PROBLEM DESCRIPTION » Would you copy only the lines below, from the one containing "Capacete Esscamotiavel Texx" through the very last one, leaving the pictures out?

DATA »
☆ ☆ ☆ ☆ ☆
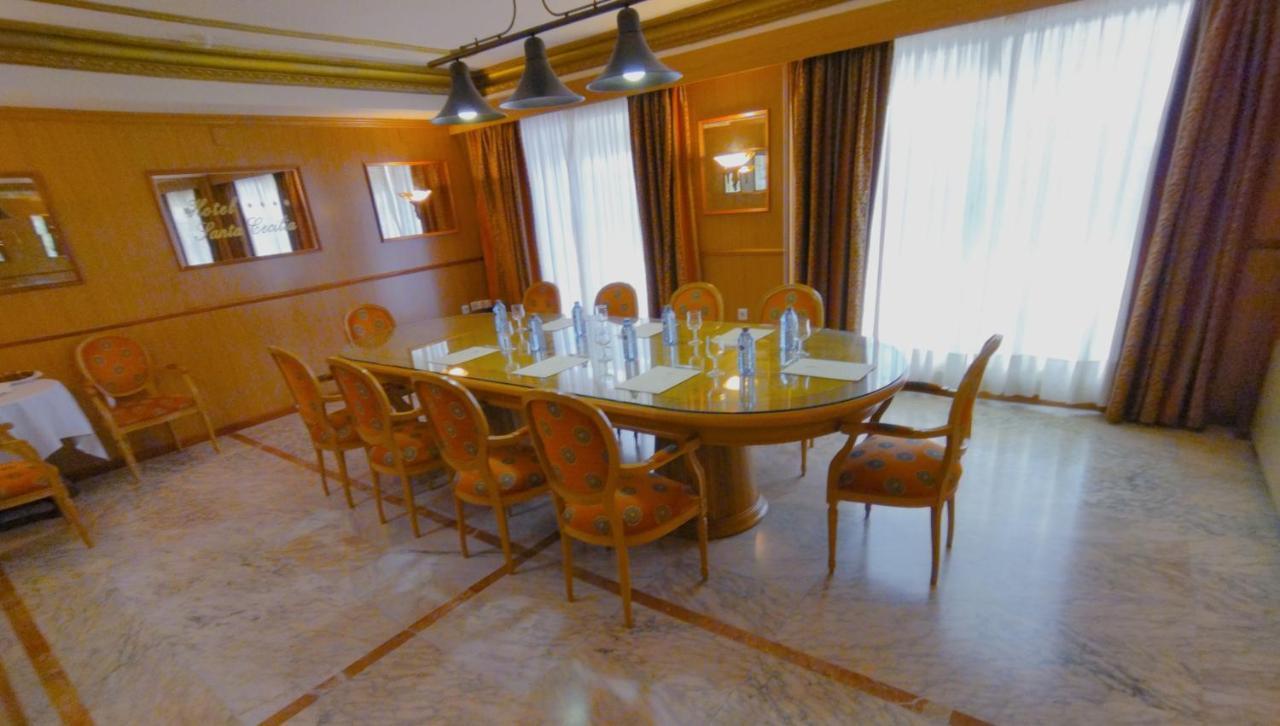 Hotel Santa Cecilia Сиудад Реал Екстериор снимка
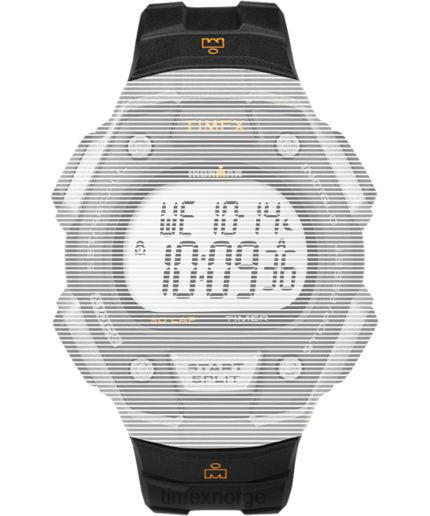stropper | Timex erstatning 18 mm harpiksstropp for ironman classic 30 i full størrelse unisex B84BR669 svart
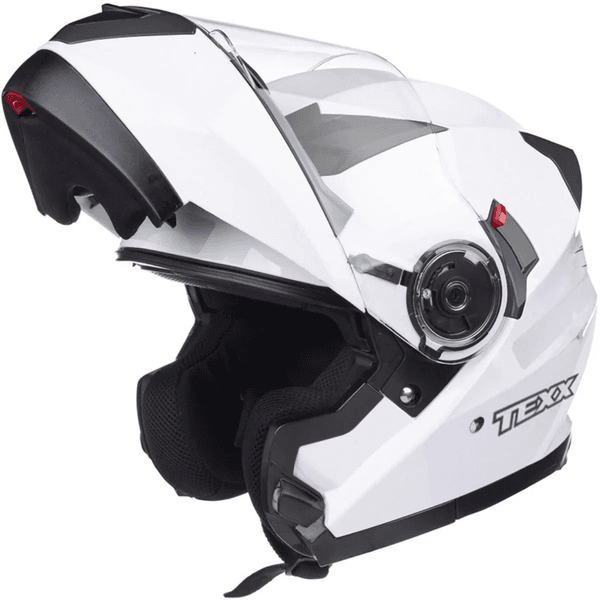 Capacete Esscamotiavel Texx Gladiator V3 Branco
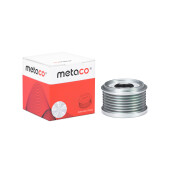 Шкив генератора Metaco, для Ford Transit, Land Rover Defender, арт. 1720-022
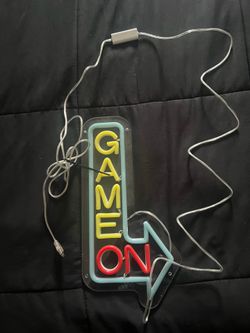 Led neon light for gaming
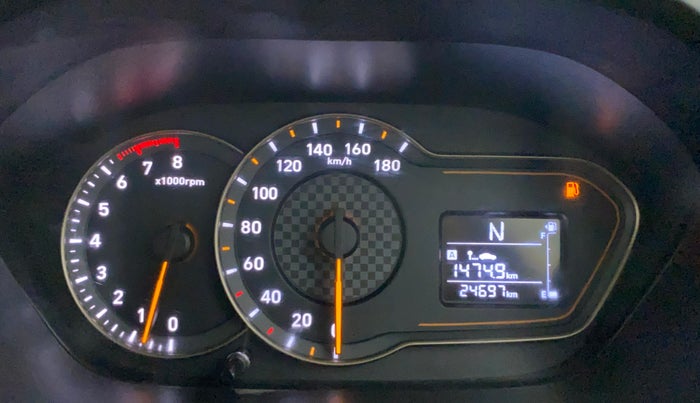 2019 Hyundai NEW SANTRO SPORTZ AMT, Petrol, Automatic, 24,697 km, Odometer Image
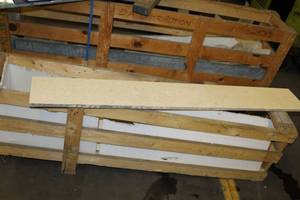 Lot of (2) Boulder Creek Antique Tan Flat 60x8x34in.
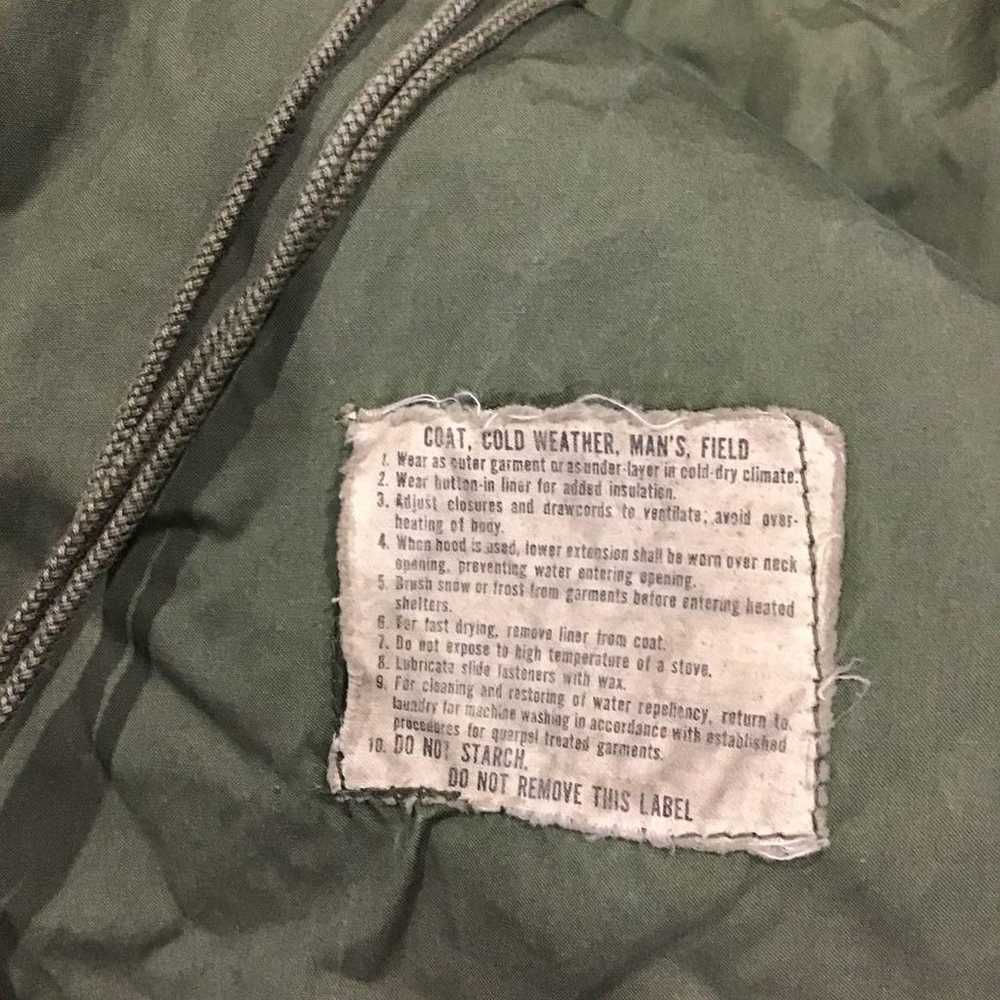 70s M-65 2nd Second Field Jacket Reflector Custom - image 8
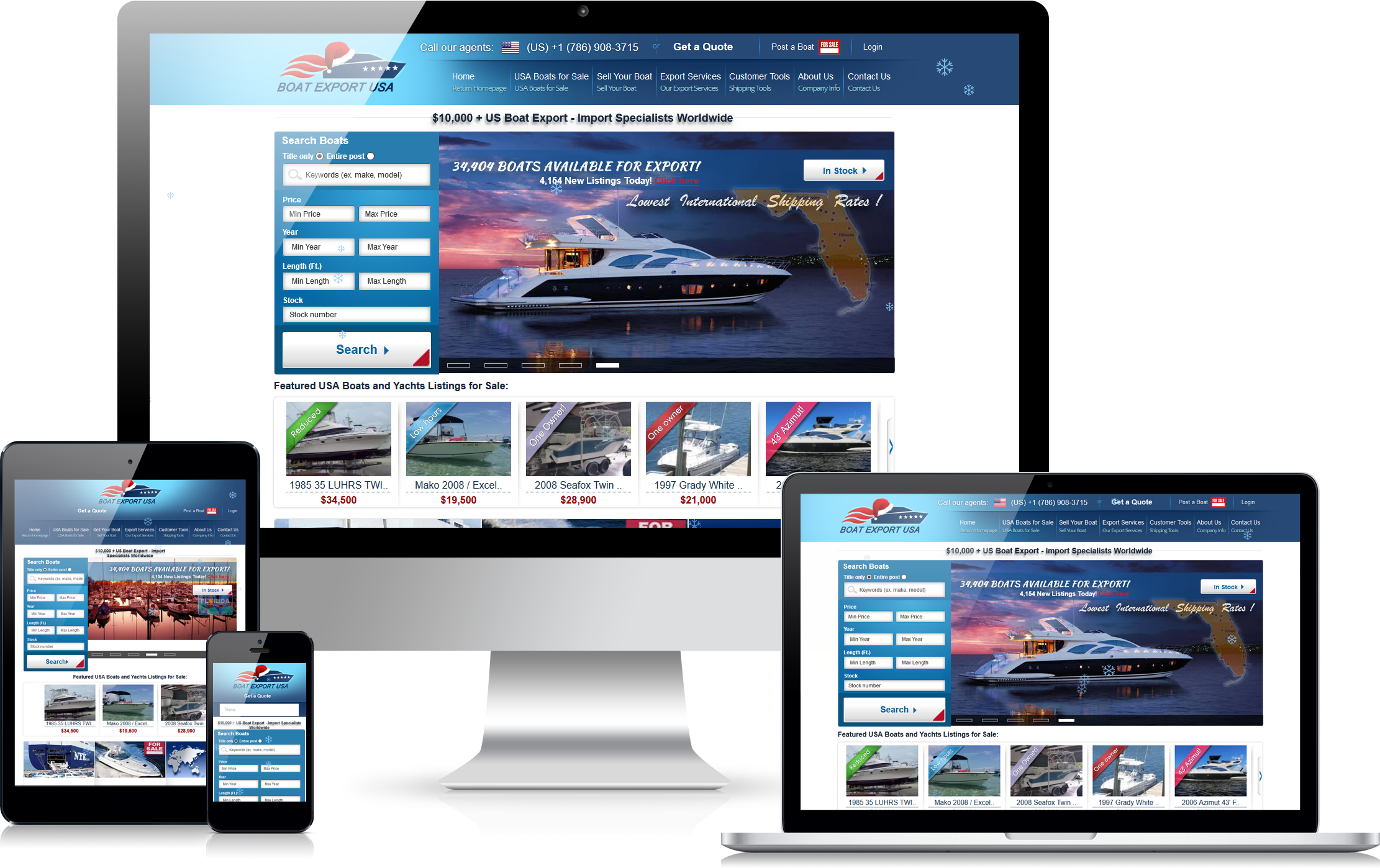 Boat Export USA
☆ ☆ ☆ ☆ ☆
FINAL ANSWER »
 Capacete Esscamotiavel Texx Gladiator V3 Branco
 Шкив генератора Metaco, для Ford Transit, Land Rover Defender, арт. 1720-022
 Led neon light for gaming
 2019 Hyundai NEW SANTRO SPORTZ AMT, Petrol, Automatic, 24,697 km, Odometer Image
 Lot of (2) Boulder Creek Antique Tan Flat 60x8x34in.
 70s M-65 2nd Second Field Jacket Reflector Custom - image 8
 Boat Export USA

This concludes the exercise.